In parallel with environmental concepts, iconic images of Earth contributed to a modern understanding of a planet as a conceptual whole: Blue Marble, Pale Blue Dot, Earthrise and Overview Effect all depicted Earth as all-we-have, but still in a very generalised way. On the other hand, media studies and artists also explore Earth as an interface (ART+COM, 1994), a parametric future landscape (Brain, 2018), a vertical public space (Parks, 2005, 2013), critical environments (Forensic Architecture, 2020) or visual policymaking imaginaries (Territorial Agency, 2020).
Such examples overcame the concept of Earth as a neutral and systemised object of scientific observation while revealing technologies and data infrastructures underlying the mediation of Earth as a planetary concept. They demonstrate how artists - in a creative and concerned way - use the same tools as scientists, yet are better at identifying matters closer to citizens, especially those who face a variety of social and environmental troubles.
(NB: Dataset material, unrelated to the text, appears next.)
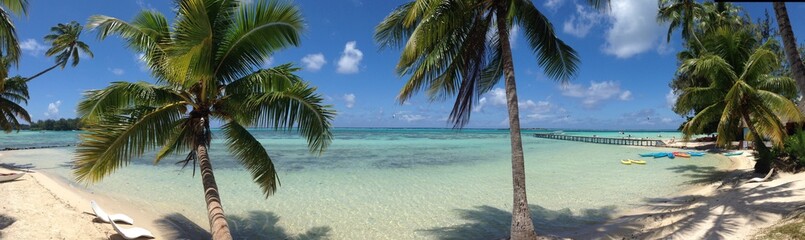 Fototapeta na wymiar plage polynesie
Although the epistemological base of environmental sciences, humanities, and arts are highly advanced in their respective fields, there is still a need to improve an understanding of how they can collectively contribute to societally inclusive planetary and environmental imaginaries.
- Which common environmental concepts are identifiable in contemporary environmental research agendas as well as planetary and environmental imaginaries (imaginaries as creative, cultural and social expressions across diverse media and practices)? How do they relate to ways of mattering, to the use and development of new technologies and infrastructures used for the production of planetary imaginaries?
- Which methods, technologies, and skills are needed for the creative sector to develop societally inclusive planetary imaginaries? What should be the structure of a Planetary Public Stack (that enables societally inclusive planetary imaginaries)?
- How can the creative sector empower citizens and the civil sector to contribute to the development of societally inclusive planetary conceptions, strengthen cultural- environmental literacy and comparative planetary imaginary, in other words to contribute to environmental transitions? What kind of research and innovation framework is required for more civil and public benefits?